::: Data below :::

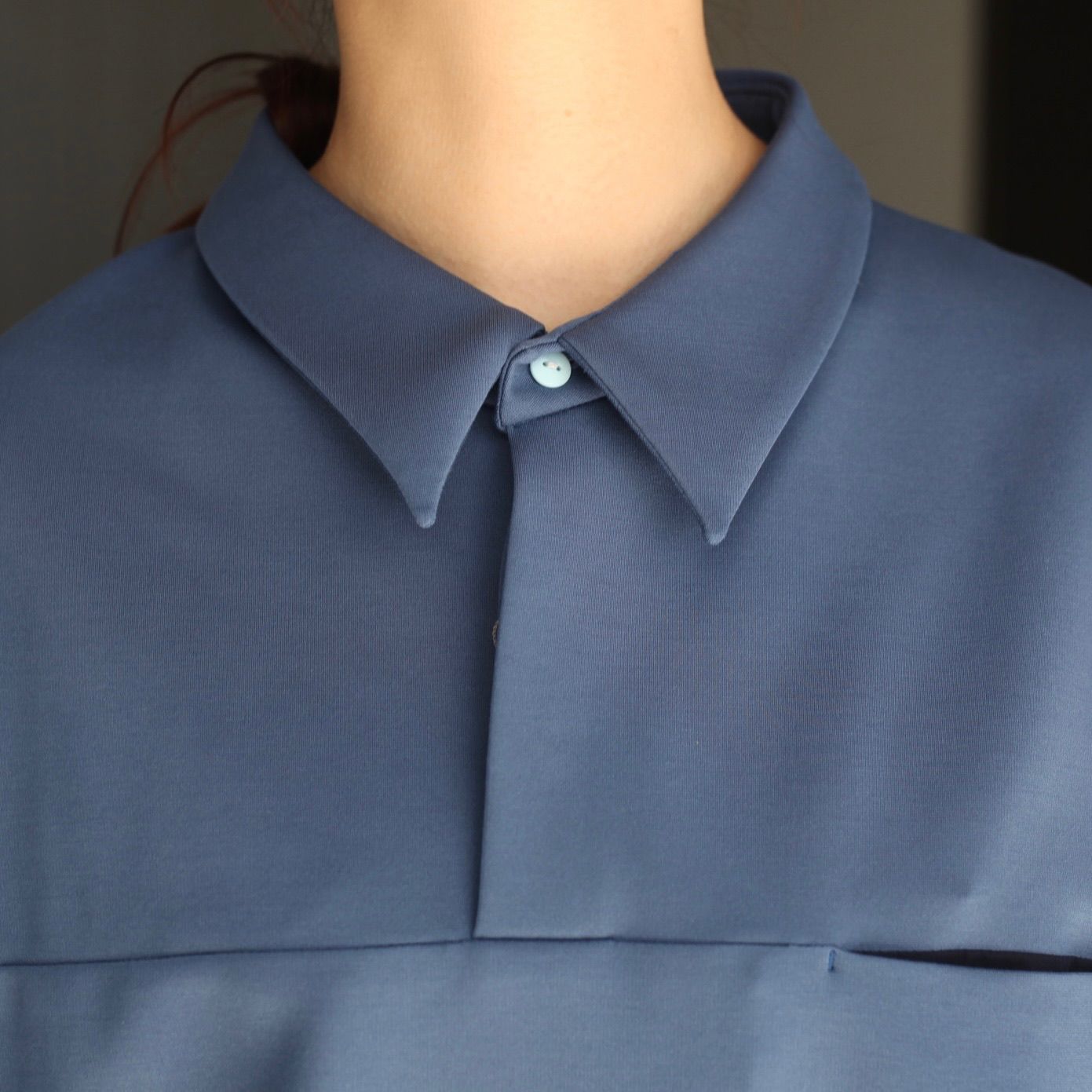 【残り一点】SW Polo Shirts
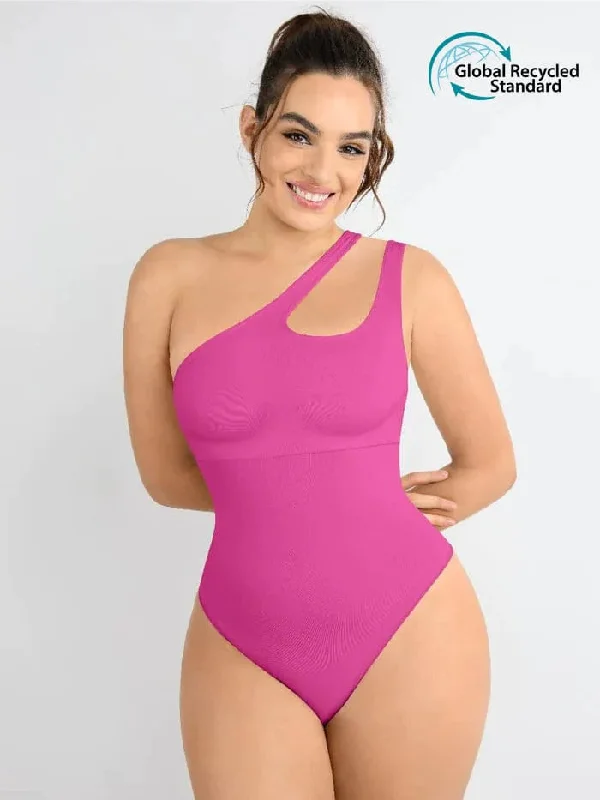 BODYSUIT REDUCTOR COLALES COD353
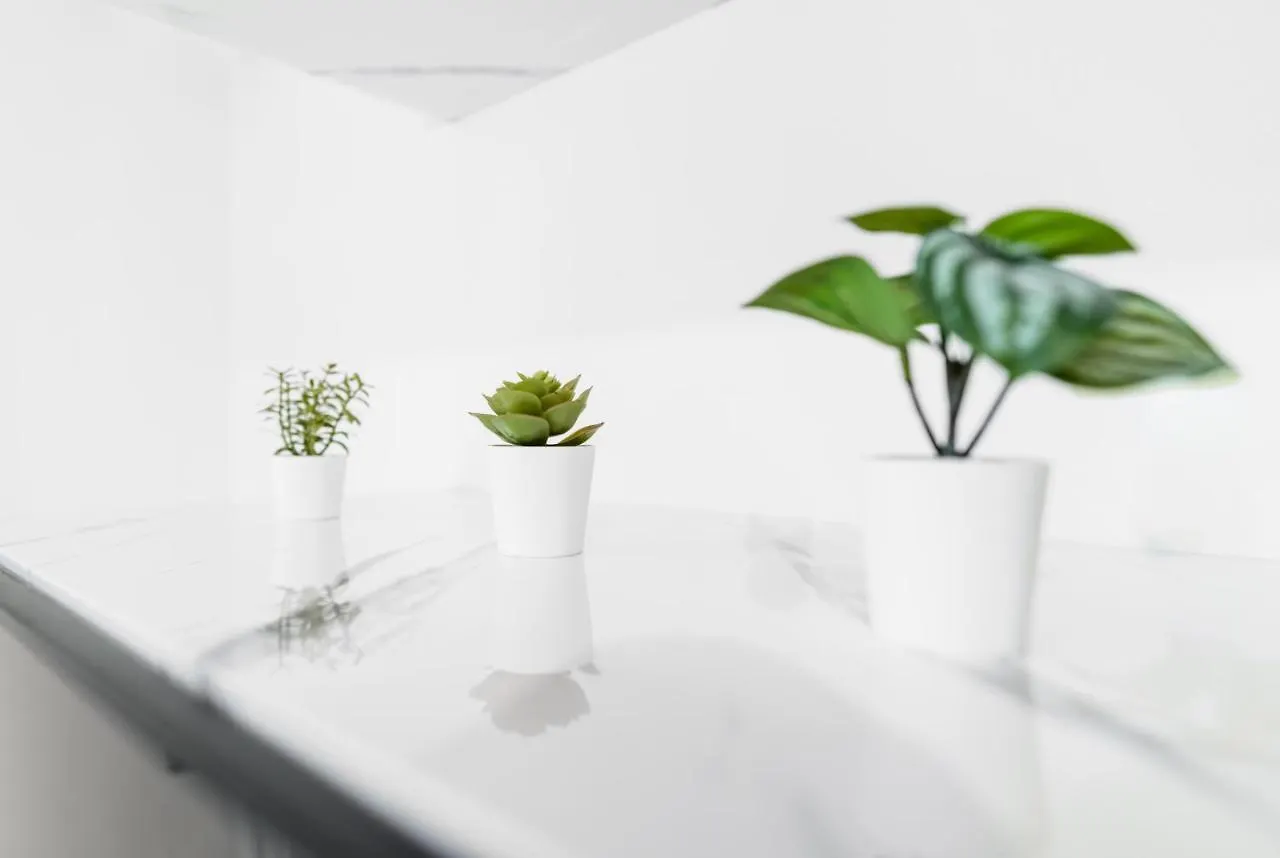 Apartment City Center 8'Minutes! Free Wi-Fi & Netflix 'Simona'S Retreat' By Tilo Genoa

:::

Problem requirements
Could you reproduce the listing above exactly and drop every picture?

Reply to the exercise
 【残り一点】SW Polo Shirts
 BODYSUIT REDUCTOR COLALES COD353
 Apartment City Center 8'Minutes! Free Wi-Fi & Netflix 'Simona'S Retreat' By Tilo Genoa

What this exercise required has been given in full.